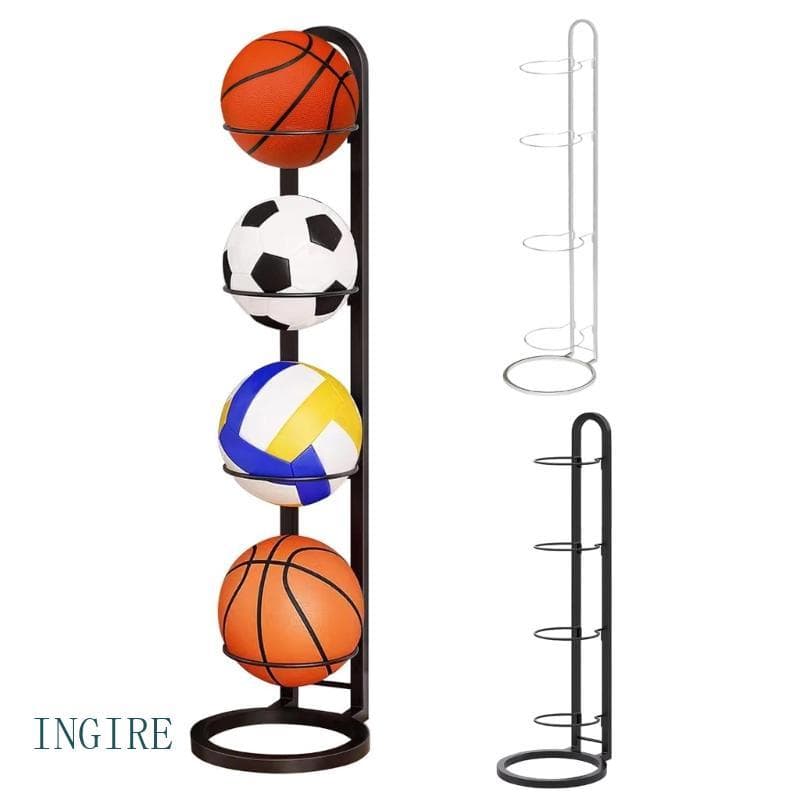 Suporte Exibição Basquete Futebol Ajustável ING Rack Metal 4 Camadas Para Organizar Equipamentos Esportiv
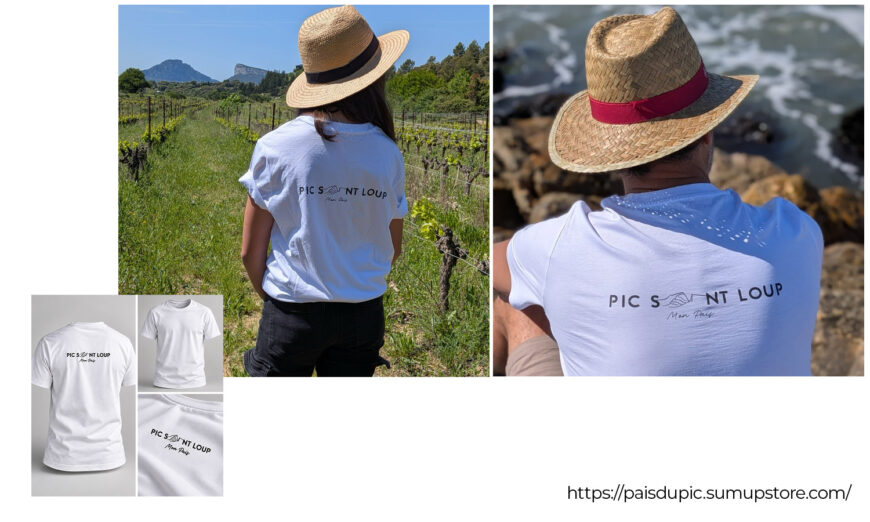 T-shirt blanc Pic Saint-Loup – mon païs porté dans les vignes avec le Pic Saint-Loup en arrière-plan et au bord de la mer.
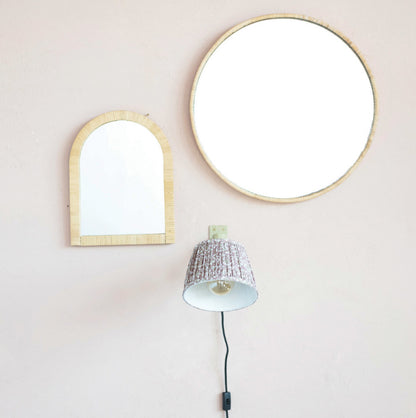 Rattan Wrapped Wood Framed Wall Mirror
=======
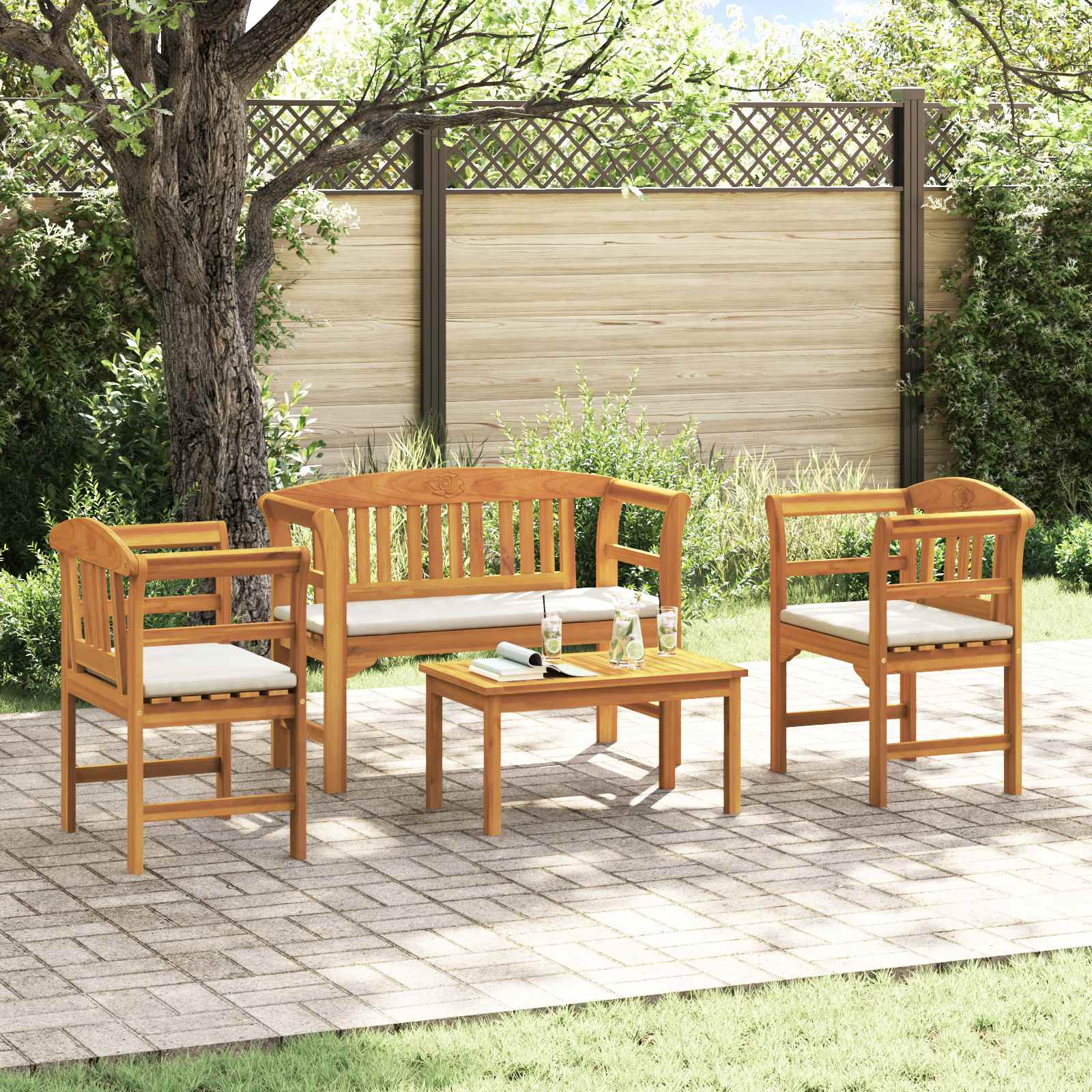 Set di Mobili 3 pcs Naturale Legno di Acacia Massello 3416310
=======
• Assignment:
Look above for the line with "Suporte Exibição Basquete"; quote it and every line after it, stopping after the line with "Rattan Wrapped Wood Framed Wall Mirror", exactly, with nothing added and without pictures.

• Output of the task:
 Suporte Exibição Basquete Futebol Ajustável ING Rack Metal 4 Camadas Para Organizar Equipamentos Esportiv
 T-shirt blanc Pic Saint-Loup – mon païs porté dans les vignes avec le Pic Saint-Loup en arrière-plan et au bord de la mer.
 Rattan Wrapped Wood Framed Wall Mirror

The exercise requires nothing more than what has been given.